Machine learning algorithms, which are commonly used by data scientists, typically require all their inputs to be numerical. However, most datasets contains categorical features (e.g. the description of a piece of furniture: chair, table, ...). Data scientists therefore use encoding techniques to convert these categorical features to a numerical form so they can be used as inputs to a machine learning model. For instance, label encoding consists of arbitrarily assigning an integer to a category (chair=0, table=1, ...) which may appear meaningless to most observers. In various cases, they may be right.

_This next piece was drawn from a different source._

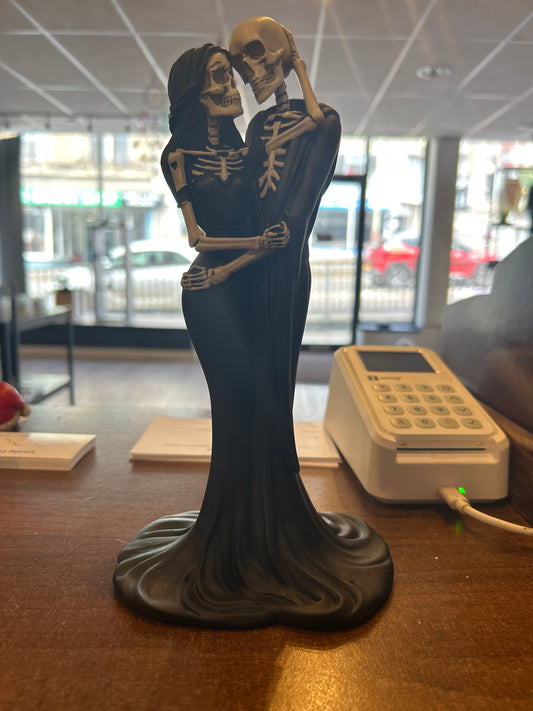 Eternal embrace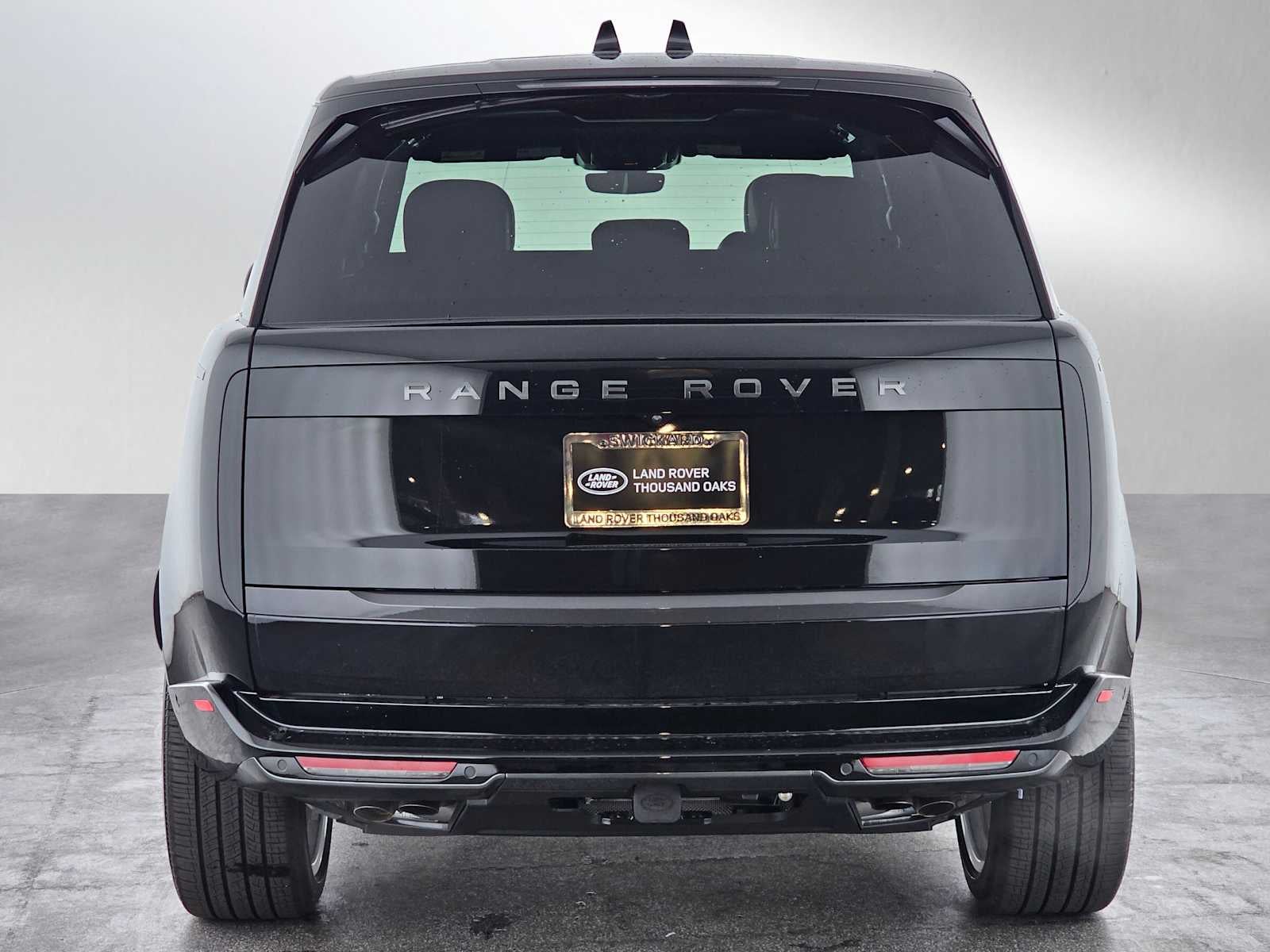 2025 Land Rover Range Rover SE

So, as well as being the mechanism that underlies one of the most profound theorems of 20th century mathematics, it can be mis-used for all kinds of bad or misguided science. From Cueball's attitude, it is far from clear that his attempt will reliably translate his project into a numerical system, nor that his attempt to "do math on it!" will be any more competent.
One of the major characters who looked at the concept is Kurt Gödel. He introduced the idea of Gödel numbering with his landmark incompleteness theorems. In it a unique natural number is assigned to each axiom, statement, and proof, which might otherwise be difficult to accurately process in any other kind of approach. Instead, it is now possible to create metamathematical statements in the language of mathematics.
This allowed Gödel to make the statement "This statement cannot be proven based on the axioms provided" in a mathematically rigorous way. A simple proof by contradiction shows that the statement cannot be false, and therefore (in most logical systems) must be true. The proof goes as follows: 1. Assume that "This statement cannot be proven from the axioms" (Call this statement G) is false.^{[1]} 2. Therefore G can be proven from the axioms.^{[2]} 3. The axioms exist.^{[3]} 4. Therefore, G is true.^{[4]} 5. Therefore, G and also not G.^{[5]} 6. This is a contradiction, and therefore A (that is, 'not G') or B (ZFC) must be wrong. We are not willing to sacrifice assumption B, so we must conclude that A is false, given B.^{[6]} 7. Therefore, G.
Explanatory footnotes for the above[edit]
- ↑ Call this assumption A.
- ↑ Because the negation of the negation is an affirmation. Based only on A.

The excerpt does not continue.